4 Gorgonzola vs. 14 Mimolette. Mimolette is all flash and no flavor. The damn thing looks like a big ol' cantaloupe and is harder to crack than the Gordian Knot. Of course, once you do split open the mite-ridden rind, you're rewarded with an insipid flavor and a waxy, tooth-sticking texture. Gorgonzola, on the other hand, smears a fat, luscious track across black bread slapped with chestnut honey and features in some of the best pasta dishes known. Mimolette has her devoted minions, but Gorgonzola is a cheese of the people and will sweep this one handily.

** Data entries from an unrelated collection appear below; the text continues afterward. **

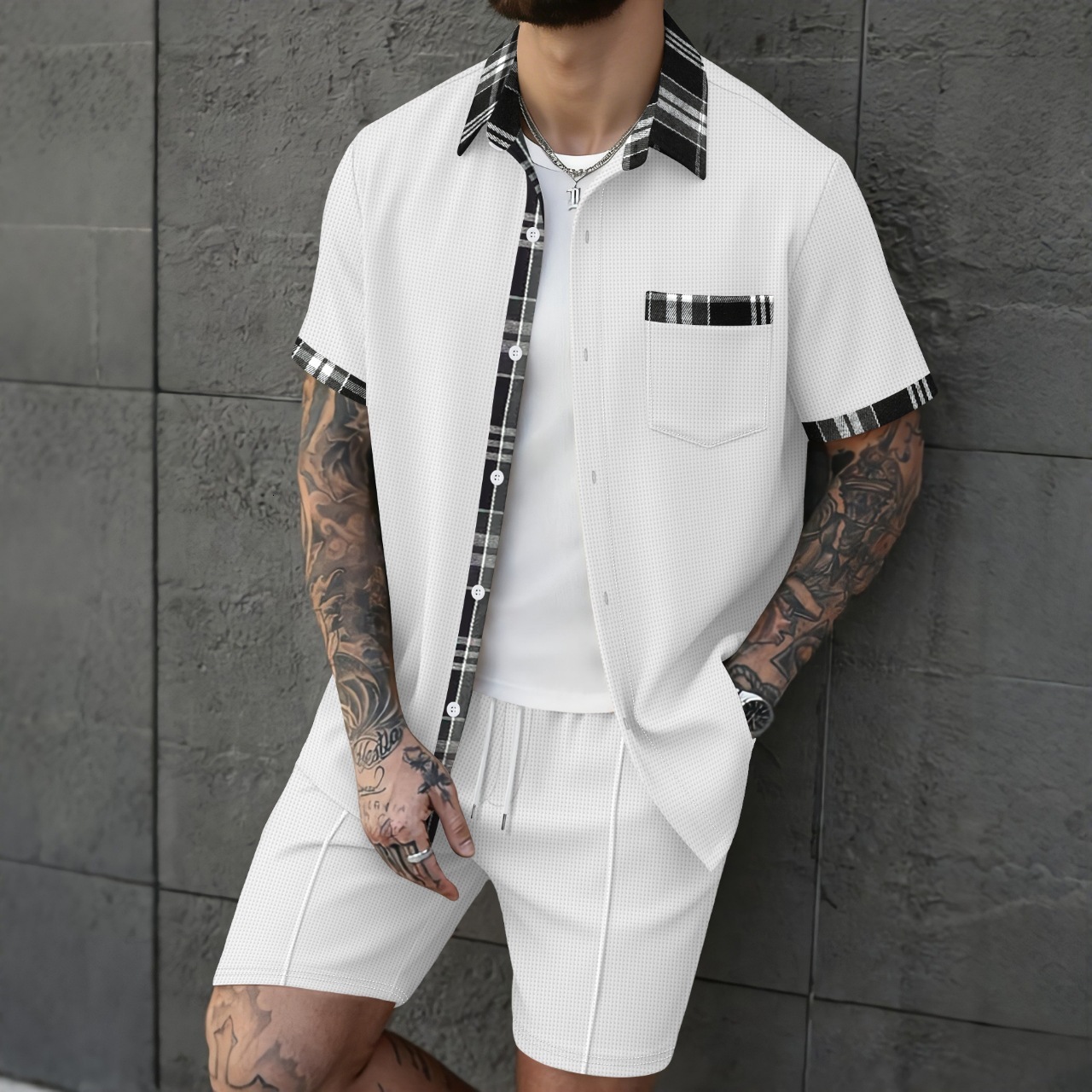 2026 Cross Men's European And American Summer Solid Color Short Sleeve Shirt With Contrasting Color Fashion Polo Buttons Shirt Designer Hoodie Set Designer T-shirt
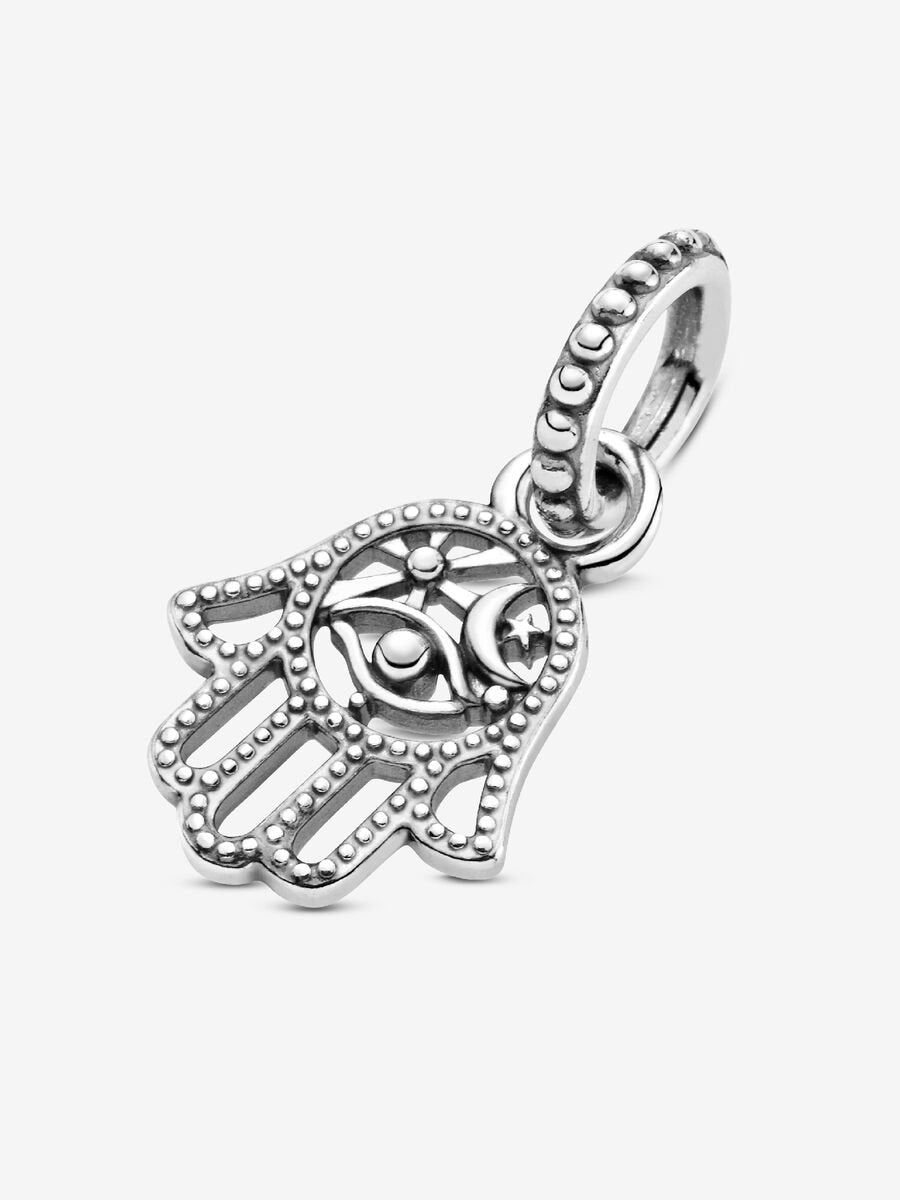 Pandora Protective Hamsa Hand Dangle Charm - Compatible Moments - Gift for Her - Made with Sterling Silver - with Gift Box
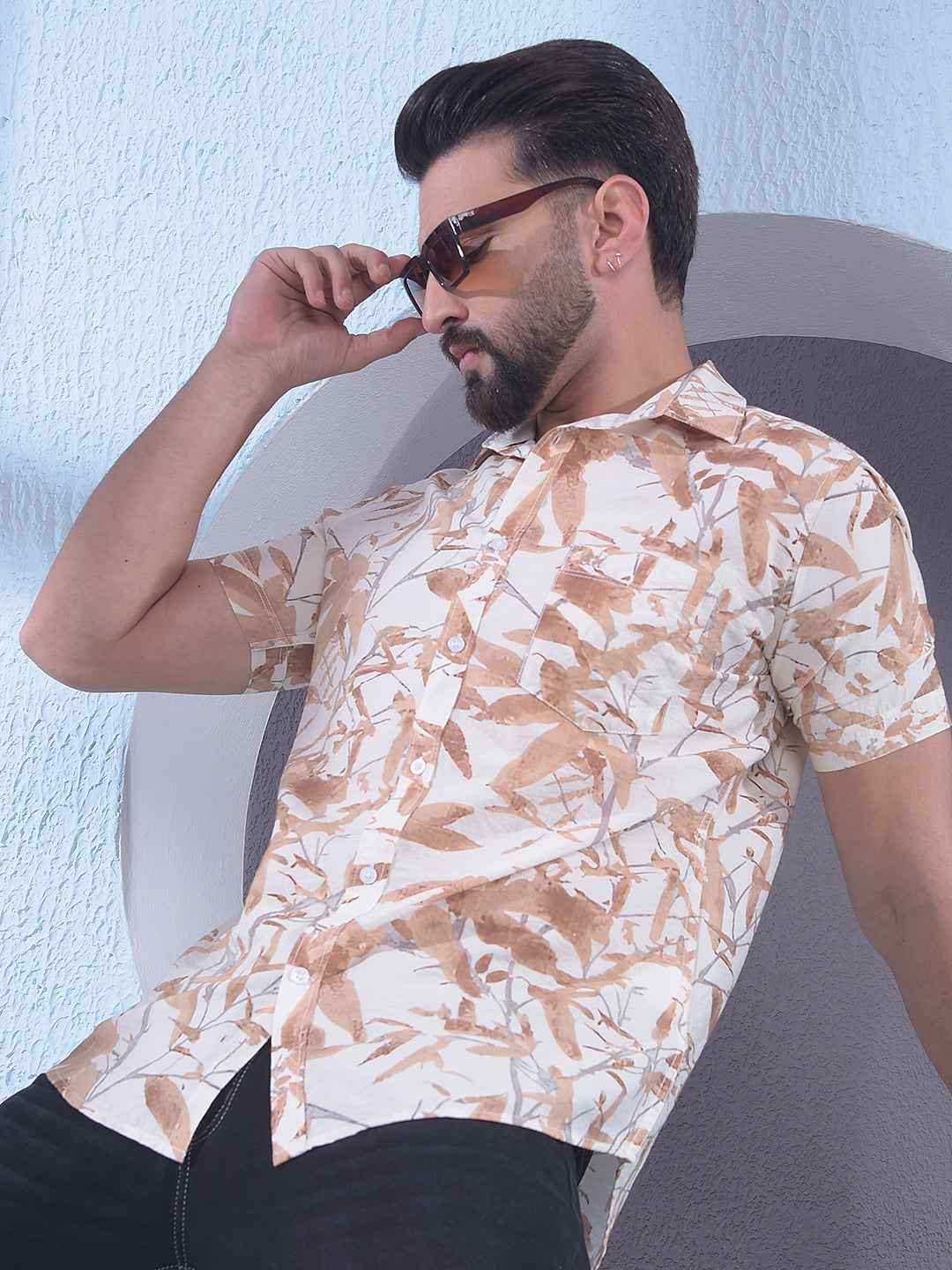 Brown Floral Print Shirt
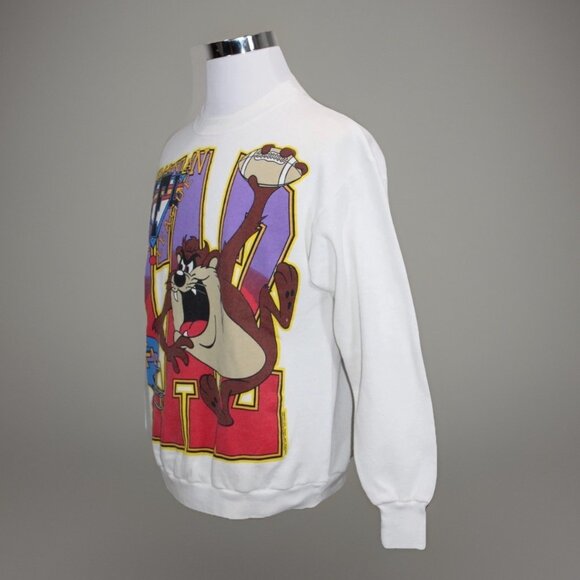 Vintage 90s TFL Mens TAMPA FOOTBALL Taz Tasmanian Devil 1993 Sweatshirt L - Picture 4 of 7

1 Parmigiano-Reggiano vs. 8 Morbier. Many happy chefs stock a burnished wedge of dot-matrix-rinded Parm and use it like a condiment. As important and flavor-pumping as salt or pepper, Parm is a kitchen staple and often taken for granted. That would seem to give the stinky, ash-slashed Morbier an edge, especially since many love to carve out sticky blurbs of this Jura cheese and slurp it with a banging glass of spicy rosé d'Anjou. But still, Parm-Reg is a classic and can sit on the counter, getting all greasy for months, and still thrill up a bowl of risotto or a spring pea salad. Yeah, the Italian Stallion will take this one.

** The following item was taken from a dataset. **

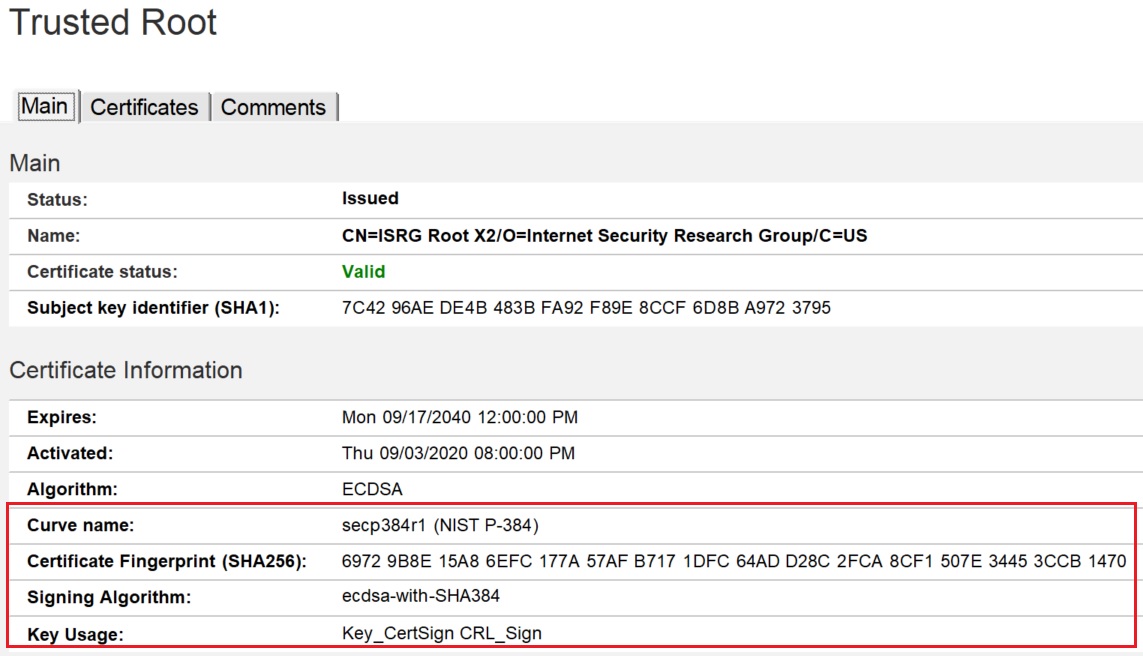 Updated or new fields in Trusted Root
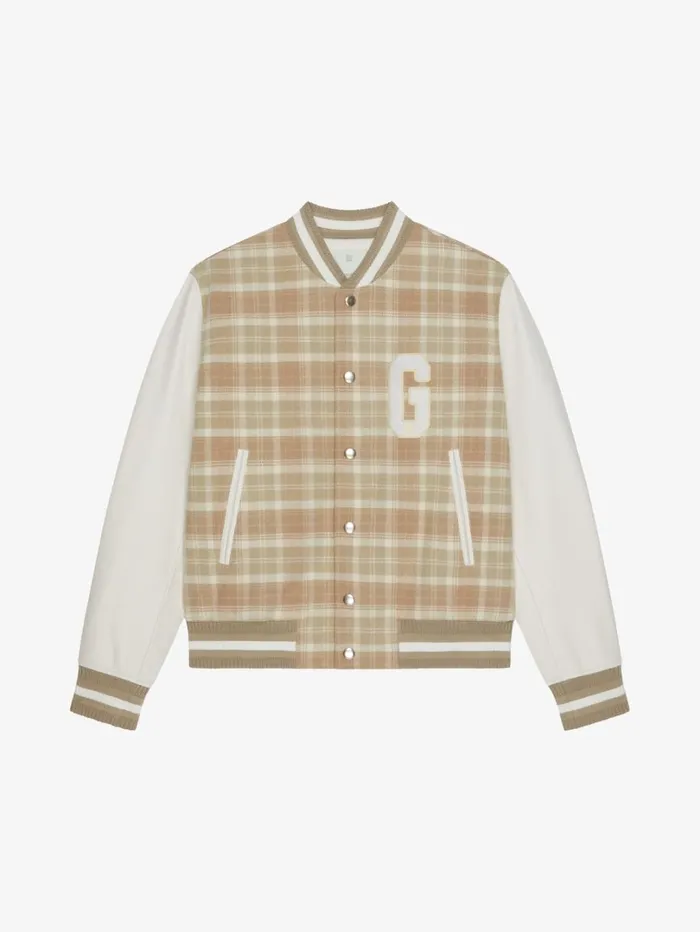 Givenchy GIVENCHY Checked Varsity Jacket In Wool And Leather Whitebeige Men Outerwear and Blousons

2 British Cheddar vs. 5 Camembert. For me, there's no contest. Traditional, bandaged-wrapped cheddar, made in Cheddar, Somerset, where the cheese must be imbued with some mystical, druidic properties…British farmhouse cheddar is the most satisfying cheese I can wrap my lips around. Grill it, grate it, fondue it, or eat it plain, cheddar is the Henry VIII of cheese, but with much less gout. The thing is, Francophiles are just as snobby as Anglophiles, and they will storm the beaches to wrap their paws around a raw round of true Normandy Camembert. This is a toss-up, but I'm sadly banking on the ooze fiends having the gaulle to vote France over England.
9 Wensleydale vs. 6 Stilton. In a battle of quintessential Brit cheeses, which wedge wins? Stilton is better known; Wensleydale's flavor is almost as strong, but many consumers find it more inviting and less intense. Not sure how I'll end up voting this pair myself -- Wensleydale with a thick slice of cranberry loaf and a feisty sauvignon blanc is transporting -- but it's probably Stilton's to lose.

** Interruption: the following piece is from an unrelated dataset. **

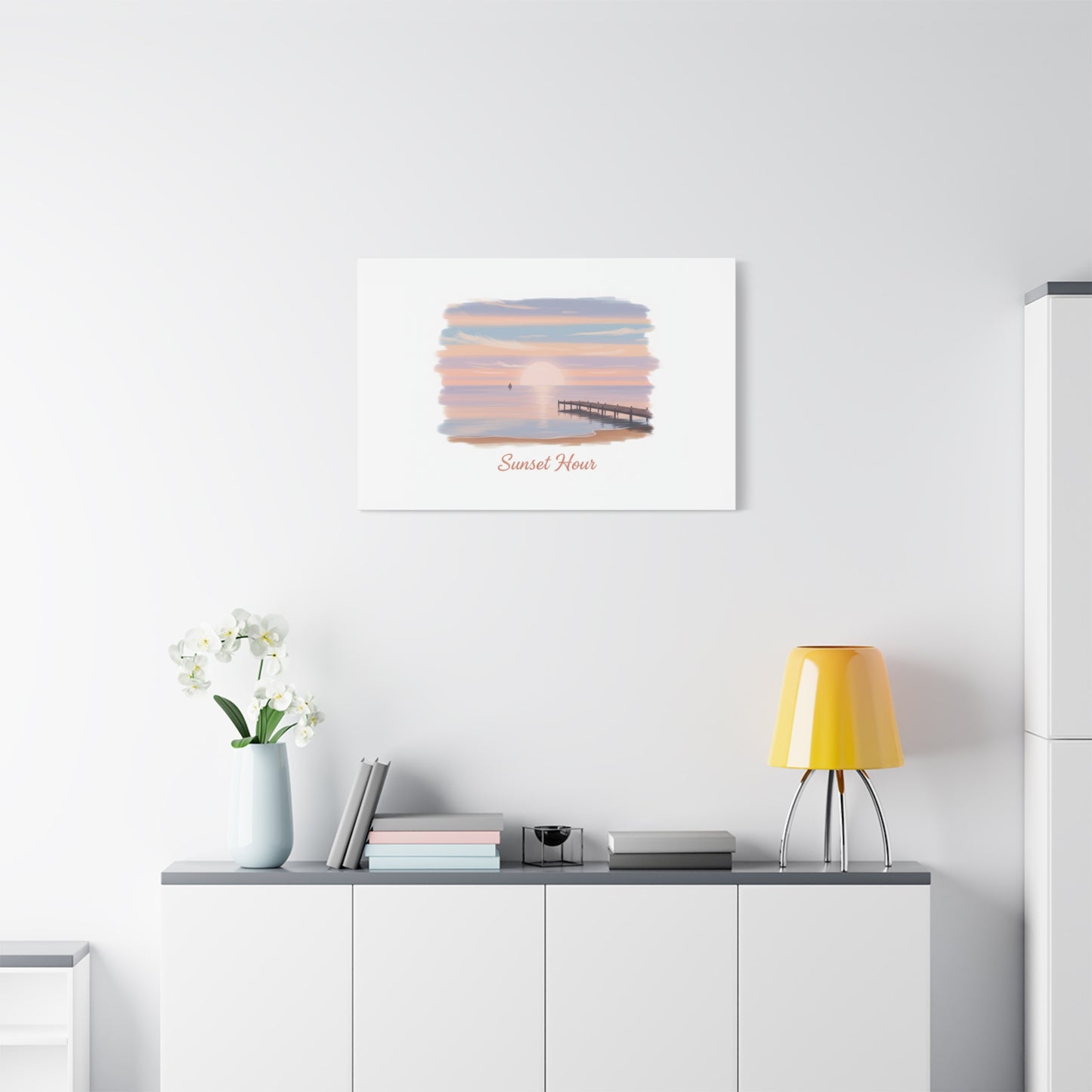 Sunset Hour Canvas, Matte Stretched 1.25" | Minimal Luxe Gold Accent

16 Pont l'Eveque vs. 11 Roquefort. Maybe we should have ranked the P. l'E. higher; it had a star turn in a Monty Python sketch, after all, while Roquefort has acquired a reputation among civilians (largely undeserved) as a country-club-salad-dressing cheese without much range. Fond memories of my grandmother's "coleslaw bleu" determine which way I'll most likely vote, but Pont l'Eveque has its faithful fans, who may carry the day in its favor.
10 Saint-Nectaire vs. 15 Ossau-Iraty. One of the tougher match-ups to call in the kick-off round; according to the ranking, clearly we thought Saint-Nectaire had the better odds, but it's a cheese that can make itself hard to know. I could say the same, though, for the O-I, which presents subtly and can seem somewhat bland as a result. The S-N is more consistent and more challenging, but the Ossau has a solid shot here.